With an open Ddrt and a nice "advanced" hitch......like a VT..... its Grab, and Pull.......you can thrust if necessary but its not always necessary......oh, and the knot just moved up for you, and re set it self....ain't that puuuurdy?

I've now thrown my lanyard and started my saw while you're still setting your knot or moving it up.....and all with a smile.:msp_biggrin:


----------



## oscar4883 (May 9, 2012)

I like knots on my hitch cord so I can adjust the length to what I have found works well for me. Like SOM mentioned try adjusting the tail length. Distel is a good hitch. So is the VT. I use the XT and it is real nice. It sets very reliably like the Distel and it is not to grabby.


----------



## beastmaster (May 9, 2012)

Make sure your tying it right and keep adding loops tell it holds you. I use a Vt to attach to other ropes to lift loads with a double pulley system and it lifts a lot more then your 245lbs without slipping. Just a matter of dialing it in.
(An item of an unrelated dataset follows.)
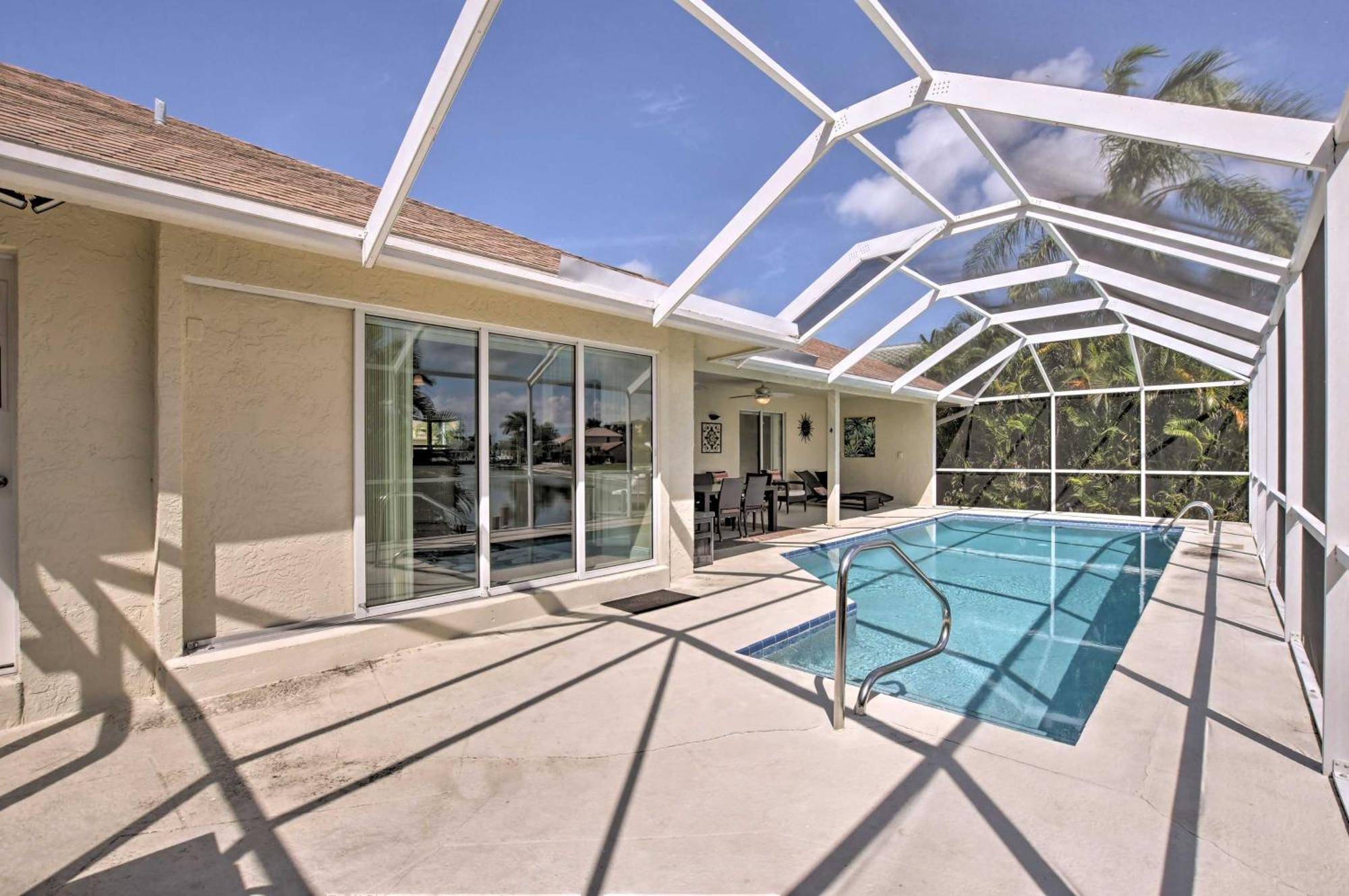 Canalfront Home With Private Saltwater Pool! Marco Island Bagian luar foto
Nice thing also about a hitch climber system is they can pull you up from the ground if you can get the groundies to do it for you that is. :biggrin:


----------



## freeweight (May 10, 2012)

that can be done by adding a pully under my blakes ,same end result and u know what ,i dont have to adjust my glasses to see the small @ss e2e cord.....or buy vaseline to put on my pointer finger and thumb after i descend since they will be burnt to ell


----------



## beastmaster (May 10, 2012)

I use to use a split tail with a blakes hitch, nothing wrong with that at all. I used a really short tail so the knot was in close tight, I do think I have way more control at my finger tips with a Vt. Personal preference I guess, but the pulley to advance your knot no matter what system your using is a no brainer. If your not using one your cheating your self and making your job harder then it has to be.


----------



## freeweight (May 10, 2012)

different strokes i guess.....

i just really dislike the extra equipment needed for advanced hitches ,just like it simple


----------



## cjtreeclimber (May 16, 2012)

Some of the best and most competitive tree climbers use the hitch climber set up. I'm a new climber that's about to try out that vt prussic knot. I've been using that Swabich for a good while. I skipped out on using the eye and eye because I didn't have that extra 25 bucks for a silly small piece of rope but instead I went on found some stuff that was 5,000 pounds tensile strength (I don't recommend using cheap rope!!) and cut it at the right length, then used two scaffold knots (with an extra loop) to attach it to my biner. With some adjustments and another loop in my prussic knot I had that thing running smooth! Also watched some vids on how quick these guys traverse through the trees and it’s amazing when you get it going right. SO WITH ALL THAT SAID MY POINT IS: Just experiment with another loop or two on your prussic or a different prussic knot or even different length or width of cord and learn how to get your prussic knot working for you. Maybe you will get a good workout by the time you decide to install a pulley :cool2:


----------